Autor de livros como "O círculo" e "Uma comovente obra de espantoso talento", Dave Eggers enumera alguns dos motivos que ainda fazem Memórias póstumas de Brás Cubas surpreendente ainda em 2020 em seu texto de introdução desta nova edição, publicado também pela revista The New Yorker na terça-feira. Entre o elogio à originalidade de Machado, Eggers ainda lamenta seu esquecimento entre os leitores de língua inglesa.

"Esquecido por muitos, é um dos mais inteligentes, divertidos e portanto mais vivos e atemporais livros já escritos. É uma história de amor — muitas histórias de amor, na verdade — e é uma comédia de classes, costumes e ego, e uma reflexão sobre uma nação e um tempo, e um olhar resoluto sobre a moralidade, e ao mesmo tempo é uma íntima e extática exploração da própria narrativa. É uma obra-prima brilhante e um absoluto prazer de se ler, mas, sem qualquer justificativa, quase nenhum falante de inglês do século XXI já leu (e eu só li recentemente, em 2019)", comenta o escritor.

ATRASO DE 70 ANOS
São muitos os motivos para que Machado não tenha ainda encontrado o reconhecimento que merece fora do Brasil. Publicado originalmente em 1881, Memórias póstumas de Brás Cubas só foi traduzido para o inglês nos anos 50, com o título de "Epitaph of a Small Winner". Além disso, há a conhecida resistência nos mercados anglófonos a obras traduzidas.

"Tem um número famoso no mercado editorial americano: 3%", explica Thomson-DeVeaux. "Este é o percentual de obras publicadas nos Estados Unidos que são traduções. E o Machado já chegou com 70 anos de atraso. Não era o terreno mais fértil, mas nunca dá para a gente saber porque uma semente germina e outra não", completa a tradutora, ao destacar que, a cada novo ciclo de traduções, o interesse pelo bruxo do Cosme Velho se renova.

É o que acontece agora, em meio à emergência de discussões sobre raça e gênero que estimulam a descoberta de autores geniais que anteriormente foram relegados à periferia do cânone na literatura universal. A chegada de "The Posthumous Memoirs of Brás Cubas" no mercado americano se segue ao lançamento, dois anos atrás, da coletânea de contos "The collected stories of Machado de Assis", traduzido por Margaret Jull Costa e Robin Patterson.

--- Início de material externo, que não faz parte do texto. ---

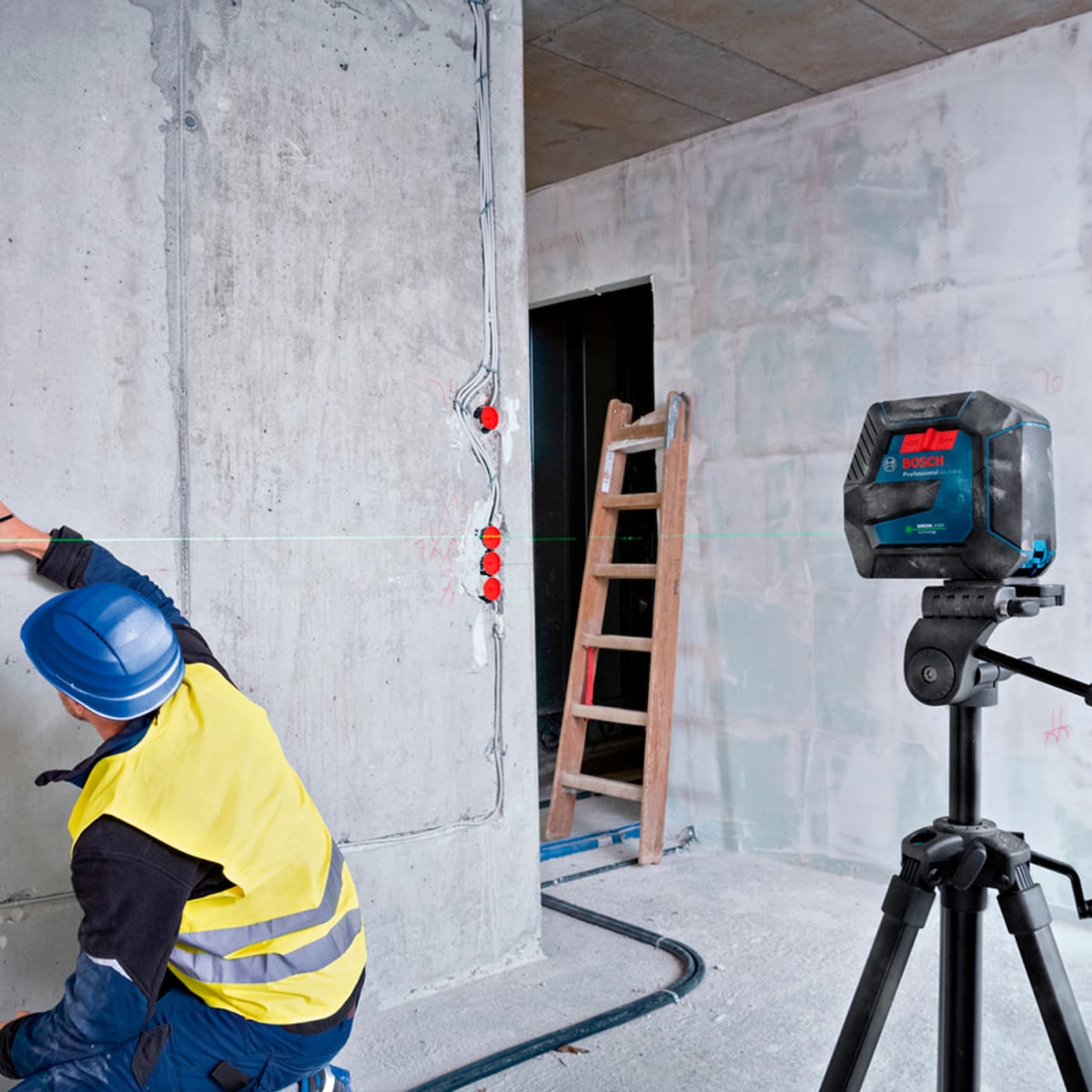 Nivel Láser de Líneas Verdes Bosch GLL 2-15 G Professional – 0601.063.W026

A RESPOSTA BRASILEIRA PARA DICKENS
Na época, o crítico do “The New York Times” Parul Sehgal destacou a perplexidade dos escritores estrangeiros ao se deparar com Machado: para Stefan Zweig, Machado era a resposta brasileira para Dickens. Para Allen Ginsberg, era outro Kafka, enquanto o crítico literário Harold Bloom o comparava com Laurence Sterne.

“Que tipo de escritor induz tantas entusiasmadas e insanamente inconsistentes comparações? Que tipo de escritor pode estrelar fantasias tão diferentes?”, questionou o crítico, para quem Machado, pessoalmente, lhe lembrava a escritora canadense Alice Munro.

É um arrebatamento que ainda continua a acontecer, como se pode ver conforme  Thomson-DeVeaux relembra a primeira vez que leu Memórias Póstumas na vida, quando fazia sua graduação em Espanhol e Português em Princeton.

"Lembro que, no capítulo “O Delírio”, de abaixar um pouco o livro, porque não acreditava no que estava lendo. Foi um momento de encantamento."